Let $C \subset \mathbb{R}^n$ be a convex set. Moreover let's fix two real numbers $a, b$ such that $0 \le a \le b$.
I am to prove that $$ \Omega = \bigcup_{\alpha \in [a, b]} \alpha C$$is convex, where $\alpha C = \{ x \in \mathbb{R}^n: x = \alpha y, y \in C \}$.
I tried to complete the proof using the definition of convex sets.
Let $\omega_1, \omega_2 \in \Omega$. That means that there exists $\alpha_1, \alpha_2 \in [a, b]$ such that $\omega_1 = \alpha_1 C$ and $\omega_2 = \alpha_2 C$. Let's choose $\lambda \in [0, 1]$.
I would like to show now that $\lambda \omega_1 + (1 - \lambda) \omega_2 \in \Omega$. Thus
$$\lambda \omega_1 + (1 - \lambda) \omega_2 = \lambda \alpha_1 y_1 + (1 - \lambda) \alpha_2 y_2 \tag{1}$$
I know that $(1)$ should be equal to $\beta z$, where $\beta \in [a, b]$ and $z \in C$ but I have no idea how I can achieve that goal. I would appreciate any hints or tips.

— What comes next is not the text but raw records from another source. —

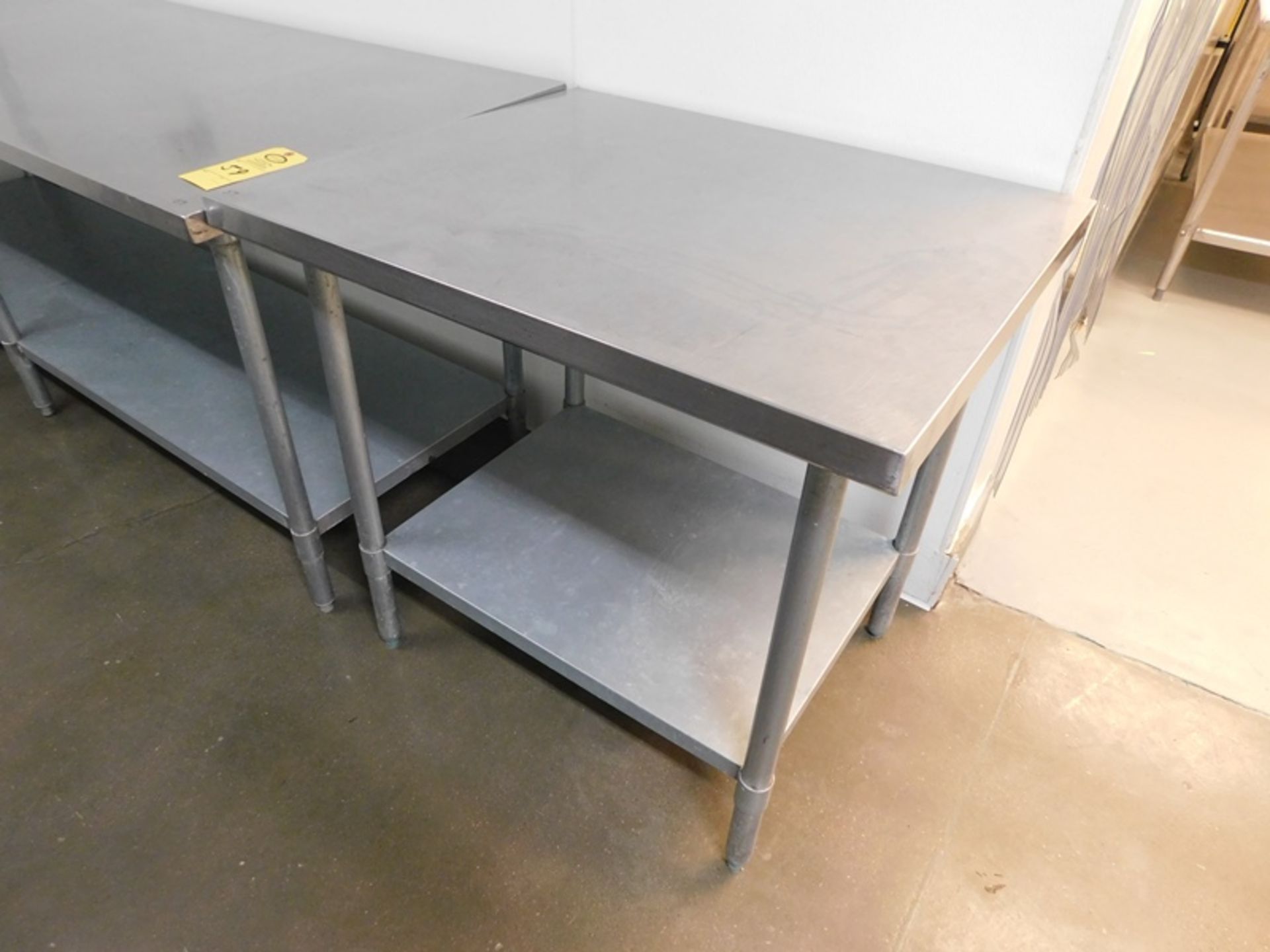 Lot Stainless Steel Tables, (1) 96" X 30" X 34", (2) 48" X 30" X 34", galvanized bottom shelf - ( - Image 2 of 4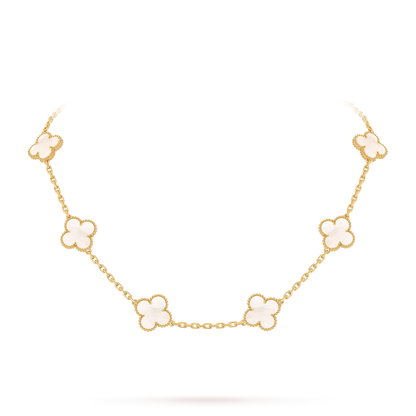 Klassisches Glücksklee-Halskette mit 10 Motiven aus der Goldkollektion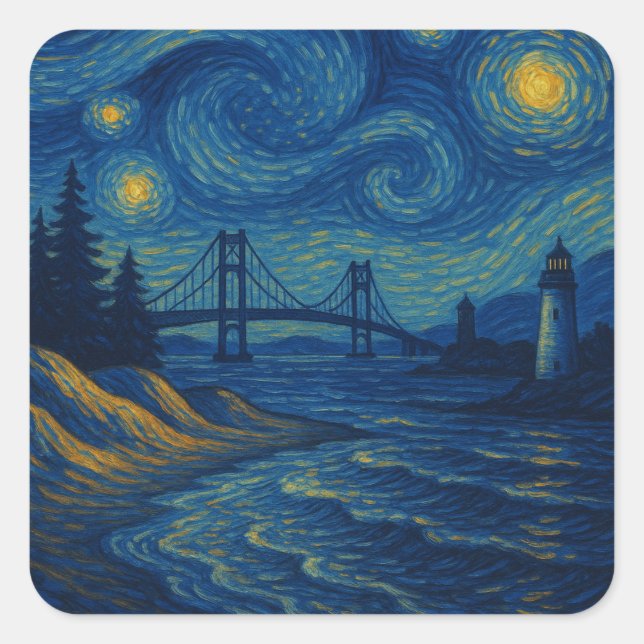 Adesivo Quadrado Starry Night Bridge Sticker (Frente)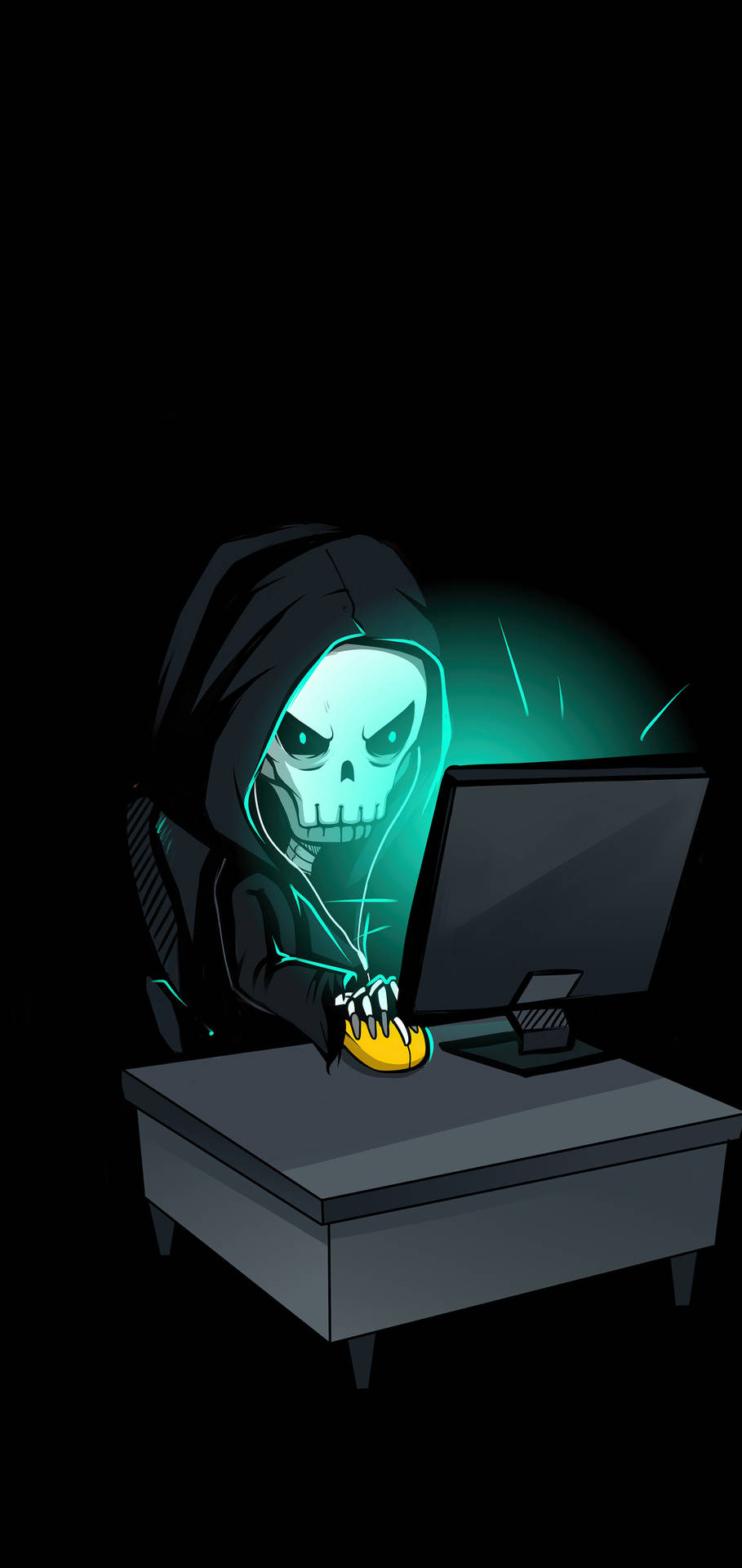 Graphic Skull With Computer Hacking Android Background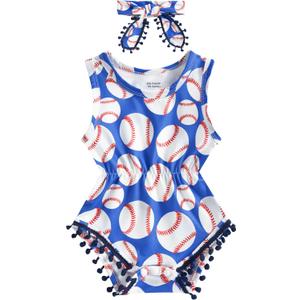 UNICOMIDEA Baby Girls Outfit Newborn Romper Jumpsuits Sleeveless One-Piece Clothes Bodysuit with Headband (Baseball), Size: 2T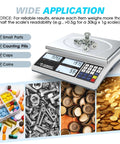 Pro Grade Industrial Counting Scale For Small Parts With 30 Kg And 66 Lb Capacity, 1G Precision, Switchable Units, displayed with small parts.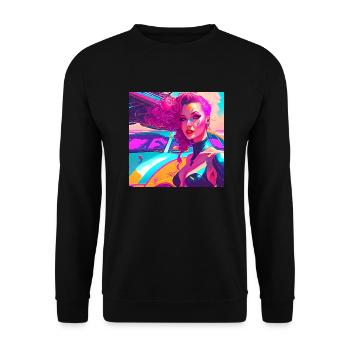Woman in front of sports car 1 - Unisex Sweatshirt - black - Front - Alina (178cm) & Michal (187cm)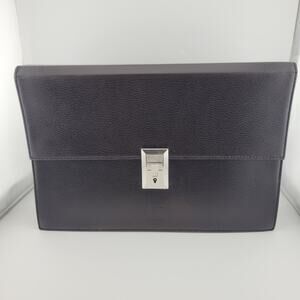 Dunhill Black Leather Combo Lock Clutch Case Second Bag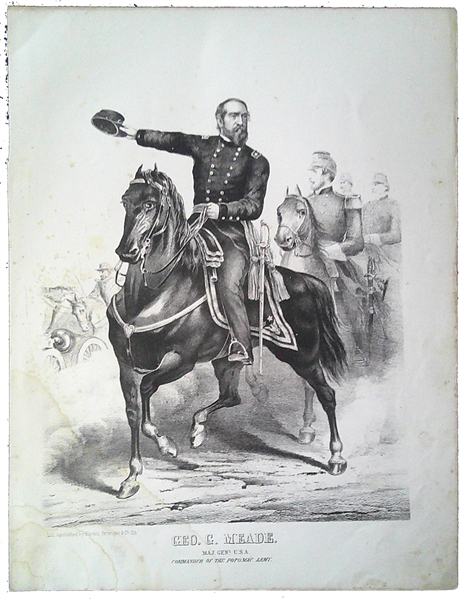 Impressive Print Of Union General  Meade On Horseback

Hint: $\omega_1=\alpha_1 y_1$ and $\omega_w=\alpha_2 y_2$ for some $y_1,y_2 \in C$ (and not as you have stated).
Now $\lambda \omega_1+(1-\lambda) \omega_2= [\lambda \alpha_1 +(1-\lambda) \alpha_2] [ty_1+(1-t)y_2]$ where
$$ t=\frac {\lambda \alpha_1} {\lambda \alpha_1 +(1-\lambda) \alpha_2}$$.
Now use the fact that $ty_1+(1-t)y_2 \in C$ and the fact that $\lambda \alpha_1+(1-\lambda)\alpha_2 \in [a,b]$.